“Growing up in Argentina, I always saw poverty as a problem without a solution, a puzzle with no answer. I viewed poverty as something common, as if it was chosen by people to live under those circumstances, which in the case of my native country, it consisted of living under a tin roof, with no accessibility to filtered water, and living with just $1 a day. As I started to grow up, questions started to pop in my head. I would always ask myself: “What have I done in this life to deserve the things that I have?” and “What have others (those who live in poverty) done to live under such dramatic circumstances?” As Argentina suffered one of its biggest depressions in 2001, my family and I were forced to move outside of the country to seek new opportunities. Even though I moved away from my country, I still felt inside of me a need to help others. The question that kept on popping inside my head was: “What can I do thousand of miles away to help my country overcome this situation?”
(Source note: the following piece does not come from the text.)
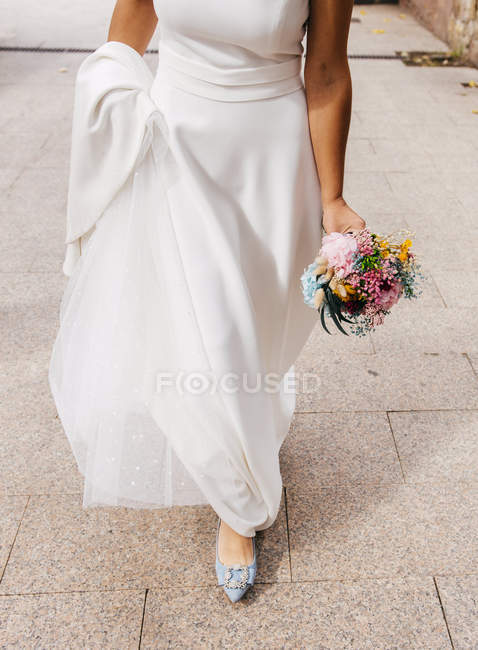 Crop femme en robe blanche avec bouquet — Photo de stock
The answer to this question came fast. I found about TECHO-U.S. on January 2013. At the moment, TECHO-U.S. was recruiting volunteers for their next trip to Medellin, Colombia. The common goal of TECHO-U.S. was to be able to raise $30,000.00 in order to help build more than 15 transitional houses in Medellin. As I joined TECHO-U.S., I knew right way that I had made the right decision. Workers and volunteers at TECHO-U.S. were extremely involved and proactive to making this trip happen, to help overcome this situation of poverty in South America. They put me up to date on what was happening, what kind of fundraisers they had mind in order to raise money, and gave me a great explanation of how TECHO started and what their objective as a nonprofit organization was. One thing was clear at the moment: TECHO is not a nonprofit organization that just builds houses in slums, which is the common mistaken perception about TECHO. Instead, TECHO builds houses just as an excuse to get in touch with the neighborhood. The first step for any human being is to be able to live under a shelter with food and water. TECHO in addition to building houses, works with the community to overcome any problem that may arise, such as building a new school or re-building the streets.
After four months of hard work, organizing fundraisers, and coordinating activities with 50 other volunteers, we (volunteers and TECHO staff), were able to raise the necessary funds to go to Medellin, Colombia. As I arrived to Medellin on Friday, June 6th along with 50 other U.S. volunteers, things really started to impact me on a positive way. I was immediately introduced to local Colombian TECHO volunteers. These volunteers gave us a warm welcome and a brief explanation of what we were going to be doing in the next couple of days. On Saturday, June 7th, we woke up at 5:00 AM and headed up to the slums in Medellin. Here, we were quickly introduced to each of the families. In my case, it consisted of a single mom, who was working at the time as a maid, making only $5 a day. Maria told us about her past, how she was not fortunate enough to finish middle school, due that she had to start selling arepas in order to be able to pay for her brothers’ school tuition. As I was deeply touched by Maria’s story, the volunteers, Maria and I started to build this transitional house. On the first day, it took us (7 volunteers) about 12 hours to set the foundations and beams. Even though this day was tough and involved great physical work, I was deeply shocked with Maria’s story. It was hard for me to understand how she was living under such conditions and still had a positive attitude to see things in a positive way, and how she always kept faith on how things were going to get better.
On Sunday, the volunteers and I woke up at the same time, due to the fact that we had a long day ahead of us. This day consisted of putting up all the walls, windows, door and tin roof. Even though in my case I was physically exhausted, the joy and excitement of knowing that I was changing and hopefully helping build a new future for a family, gave me the strength to keep on working hard. With the help of Maria and her two young daughters, we were able to put up the walls and doors in about 8 hours. Our biggest challenge was still ahead of us; putting the roof was definitely challenging. Here, we had to make sure no sun was going inside the house, to prevent the house from having water leaks. Finally, at 9:00 PM on Sunday we were done with the house. As each of the volunteers said goodbye to Maria and her two daughters, each of us had the opportunity to tell Maria and her family how each of us hoped this new house would bring a bright new future for them. In my case, I thanked Maria and her family for letting me be a part of this moment of their life. Also, I thanked Maria for showing me a different reality. Maria taught me a unique lesson: to never give up and to always try to look at the bright side of things.”
Joaquin Corvalan, TECHO-U.S. volunteer from Argentina currently living in Miami.